Q: And what is the contribution of our innate immune system in our fight against HIV?
That's actually one of the questions that we are trying to address. Innate responses are actually the body's first line of defense against infection and they are activated very rapidly after we become exposed to a pathogen. They have two important roles: one is to activate T and B-cell responses that are specific for the infection to combat pathogen replication, and the other thing is to try and limit the replication and spread of the pathogen in the interim while the T and B-cell responses are being expanded. So you can think of your innate immune system as almost like a fire-alarm system in a building: if there's a fire it will become activated and one of the things it will do is to call the fire-brigade and like the T and B-cells that's the professional armed combat for the fire (or infection) and at the same time the fire-alarm system might turn on some kind of sprinklers which would help to control the spread of the fire until the fire-brigade get there and might actually manage to put the fire out all together.
We're trying to understand in HIV infection what role innate responses actually play in directly combating virus infection and we do have some evidence that suggests that some parts of the innate immune system can actually play a very important role in controlling HIV replication; we could potentially make use of that in vaccines and therapeutic strategies.

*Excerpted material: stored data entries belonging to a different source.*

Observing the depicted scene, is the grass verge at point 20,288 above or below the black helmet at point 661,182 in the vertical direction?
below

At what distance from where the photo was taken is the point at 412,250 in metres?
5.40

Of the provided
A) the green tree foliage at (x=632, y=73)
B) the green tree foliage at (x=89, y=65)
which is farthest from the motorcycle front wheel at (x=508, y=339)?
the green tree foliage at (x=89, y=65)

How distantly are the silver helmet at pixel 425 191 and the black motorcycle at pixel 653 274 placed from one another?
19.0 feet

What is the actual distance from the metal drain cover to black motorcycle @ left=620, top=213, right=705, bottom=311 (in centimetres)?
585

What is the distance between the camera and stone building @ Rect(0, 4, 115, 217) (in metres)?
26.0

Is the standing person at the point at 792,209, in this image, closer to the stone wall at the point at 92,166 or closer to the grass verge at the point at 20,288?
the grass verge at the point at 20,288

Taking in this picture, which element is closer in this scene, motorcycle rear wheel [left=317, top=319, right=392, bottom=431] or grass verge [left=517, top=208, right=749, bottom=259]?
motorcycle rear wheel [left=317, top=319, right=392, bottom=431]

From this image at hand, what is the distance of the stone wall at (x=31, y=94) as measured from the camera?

But on the other hand because innate responses are involved in activating the immune system and because HIV replicates within immune system cells, innate responses can also have very detrimental effects promoting virus replication and spread through their general immune activating activities. We will need to be very careful how we employ innate responses with any kind of vaccine or therapeutic strategy.
Q: And could your research lead to a vaccine against HIV?
The work that we are doing on T-cells has very obvious applications to HIV vaccine design. Vaccines are being developed at the moment to induce T-cell responses to HIV and our research could enable these vaccines to be tailored in specific ways to induce an optimally protective T-cell response. There are various ways in which innate responses could be employed to combat HIV infection; for example, if we define an innate factor which is involved in mediating protection against HIV that could be incorporated into a microbicide to try and prevent acquisition of HIV infection. Or it could potentially be applied therapeutically to people who are already infected with HIV. I think what's more controversial at the moment is whether you could actually employ innate responses as an effect mechanism in the design of a vaccine. The way vaccines work is by inducing a memory immune response; we know that T and B cells possess the characteristics of memory: once they've encountered an infection once, they'll respond to it much more effectively and provide better protection the second time around. Classically it's been thought that innate responses don't possess this characteristic of memory, but there have been some more recent studies which have suggested that maybe innate responses can exhibit memory and that's something we're quite actively looking at at the moment. And if innate responses do exhibit some form of memory and could be used in a vaccine that could have very broad implications, not just for vaccines for HIV but for other infections too.
Q: And how does your research fit into translational medicine within the department?
There are many other groups within the department who are actively involved in producing and testing candidate vaccines for a wide range of other infections, for example malaria or tuberculosis. And in fact some of the groups are actually generating vaccines for HIV as well. So any findings that we come up with from our research can be very rapidly translated into HIV vaccine design. Not only potentially for HIV but for some of the other infections as well.